If the first option, then you have to put the whole hierarchy in the DMZ, so that it looks like this: http://technet.microsoft.com/en-us/library/bb632624.aspx. This might be suitable if you only need to manage Internet-only clients (they never connect to the intranet and do not need the full Configuration Manager feature set). However, most customers want to manage clients when they move between the intranet and Internet, and want the ability to manage all their clients from a single point (the central site in the hierarchy). If you need a refresher on which features are not supported for Internet-only clients, see Overview of Internet-Based Client Management.
If the second option, or if you can convince your security team that the business benefits of this design outweigh the security risks, then you can split your Internet-based site between the DMZ and intranet, using the configuration in this diagram: http://technet.microsoft.com/en-us/library/bb694250.aspx.
There are 9 supported designs for Internet-based client management, and after you have determined whether you need to support both Internet and intranet clients, it then comes down to weighing pros and cons.
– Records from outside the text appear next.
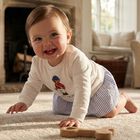 طقم فستان أبيض للبنات بتصميم دب بولو أبيض, 1, hi-res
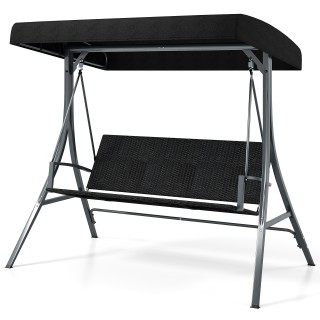 Costway 3-Θέσια Κούνια Κήπου 118 x 192 x 165 cm με Σκίαστρο & Πλάτη...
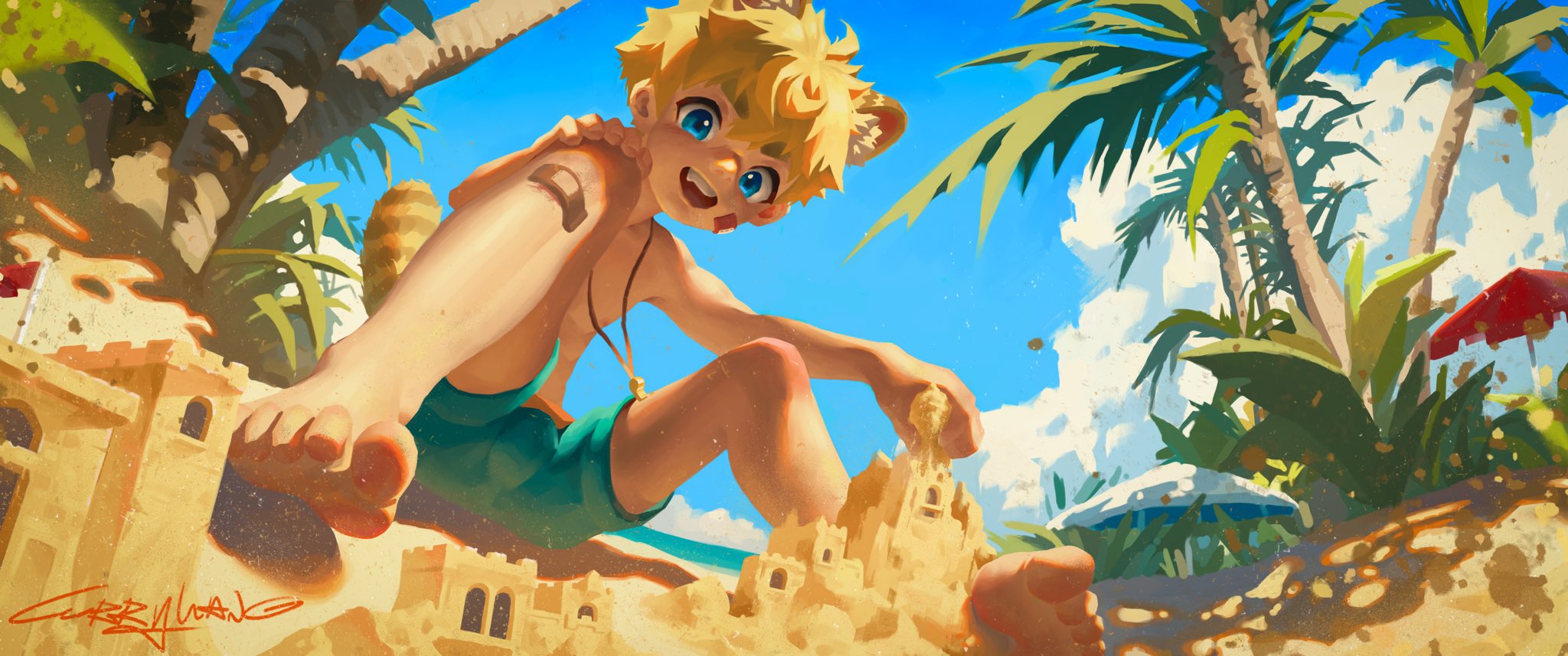 currywang, original, 1boy, animal ears, bandaid, bandaid on knee, bandaid on leg, beach, blonde hair, blue eyes, cloud, cloudy sky, feet, hand on knee, hand on own knee, male focus, male swimwear, open mouth, palm tree, sand castle, sand sculpture, signature, sky, smile, solo, swim trunks, tail, tree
The bad news is that there is no single solution that will suit everybody because higher security comes at the cost of more configuration and possibly more servers. The good news is that you have design options to give you room to negotiate. You need to sit down with your security folks and work out the best business solution after weighing the pros and cons – or get a consultant in to help with this. You can use the topic Determine Server Placement for Internet-Based Client Management to help with the choices and perhaps print out the diagrams so that the network connections for each are clearly identified.
Certificate configuration for Internet-based sites on the intranet that only manage mobile device clients
Configuration Manager mobile device clients, unlike Configuration Manager client computers, cannot support the configuration “Internet or intranet management”. That is, they don’t behave as intranet clients when they are on the intranet and automatically behave as Internet-based clients when they are on the Internet. If you want to manage mobile device clients over the Internet, then even when they connect to the intranet they behave as if on the Internet and communicate with the Internet-based management point (configured for device management) and Internet-based distribution points.
Because the Internet-based site systems only support connections for Internet clients, they need a certificate that specifies the Internet FQDN – even though the servers are in the intranet. We’ve had reports that this is tripping up some customers who expect the FQDN in the Subject name to be the intranet FQDN because the site system is in the intranet. However, the FQDN to use isn’t dependent on the server location, but on the type of client connection that the site system is configured to use.
The option “Specify or modify a DNS suffix for site assignment” has nothing to do with site assignment
OK, strictly speaking this isn’t a native mode or Internet-based option – this option is mode independent. But I’ve had at least one person assume that the reference to DNS was linked to Internet-based client management, and that they needed to specify this for assigning a client to an Internet-based site. And I know lots of customers who have been confused by this option, so adding this to my native mode & IBCM list gives me an opportunity to get this off my chest: This option does not do what it says on the tin.
This option is used only with DNS publishing for the default management point. Clients find their default management point after site assignment, which is why this option is unrelated to site assignment (so if your client fails to assign correctly, don’t waste time trying different values for this option).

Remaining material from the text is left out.